The once dominant Xerox machines may not be present on the grid and Althea – whom inherited the role of Ducati's primary WSBK representative – may be just a one-bike outfit, but when team and rider, in this case Carlos Checa, are working in perfect harmony, what more do you need?
Of course, there are murmurs that Ducati's 'withdrawal' is merely more of a side-step, with key personnel still seemingly involved behind the scenes at Althea to give it an unofficial status between semi and factory machinery. Althea and Ducati claim they're privateers, but when the likes of Ernesto Marinelli appears in your garage at meetings, it's hard not to wonder.
Regardless, it does nothing to dilute the magnificent performance of Checa and Althea, with podiums in all but three of the fourteen races, including eight wins. Expected struggles at Monza and an uncharacteristic error at Aragon aside, Checa fully deserves his place at the top of the leaderboard and, after years of chasing a world championship, it now seems very much in his grasp.
Though there are less 1098Rs on the grid than in previous years, Ducati still retain a solid presence in WSBK, with Effenbert-Liberty swelling the ranks in 2011 as a proper satellite entry.
A welcome and competitive addition to the WSBK grid, the distinctive yellow and white machines have shown flashes of speed in the hands of riders Jakub Smrz and Sylvain Guintoli.
More susceptible than the Althea Ducati around circuits that don't favour the twin-cylinder machine, Smrz has nonetheless put in a series of star performances in qualifying (expected) and followed it up with notable race efforts (less expected)
Notching up career podiums two and three at Donington Park and Miller Motorsports Park, it's a shame that the Czech rider has also been prone to a few accidents. Indeed, having been on the cusp of a top five position in the standings at one stage, four straight retirements at Misano and Aragon leave him 11th at this stage.

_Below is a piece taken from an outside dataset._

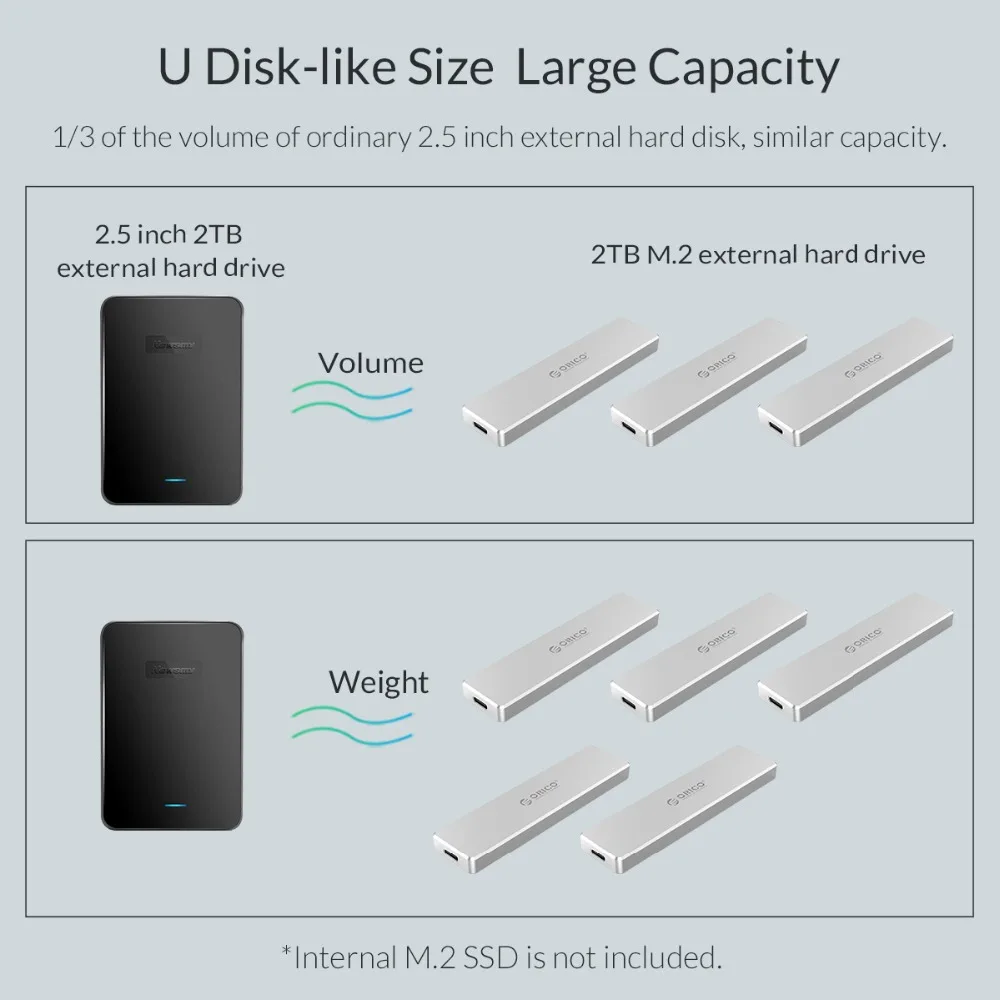 ORICO 1,8 дюймов Mini M.2 USB3.1 SSD корпус type-C Gen2 10 Гбит/с M-Key поддержка UASP протокол SSD корпус для жесткого диска внешний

Guintoli, meanwhile, has seen the early stages of his Ducati return hampered by an injury sustained in the very first race, one that has seemingly taken time to heal. Nonetheless, decent top ten finishes, including a podium behind Smrz in the USA have seen him make stealthy progress up the order recently.
Having shown impressive progress in its maiden 2010 season with Luca Scassa, Supersonic Ducati is enduring a somewhat tougher sophomore campaign, though it hasn't been without some promise.
Signing Superstock standout Maxime Berger, the bike has shown occasional top ten pace that belies some fairly average race finishes. Indeed, reliability issues have been a particular hindrance, while Berger has been overshadowed by former SSTK rival Ayrton Badovini, but his pace is improving.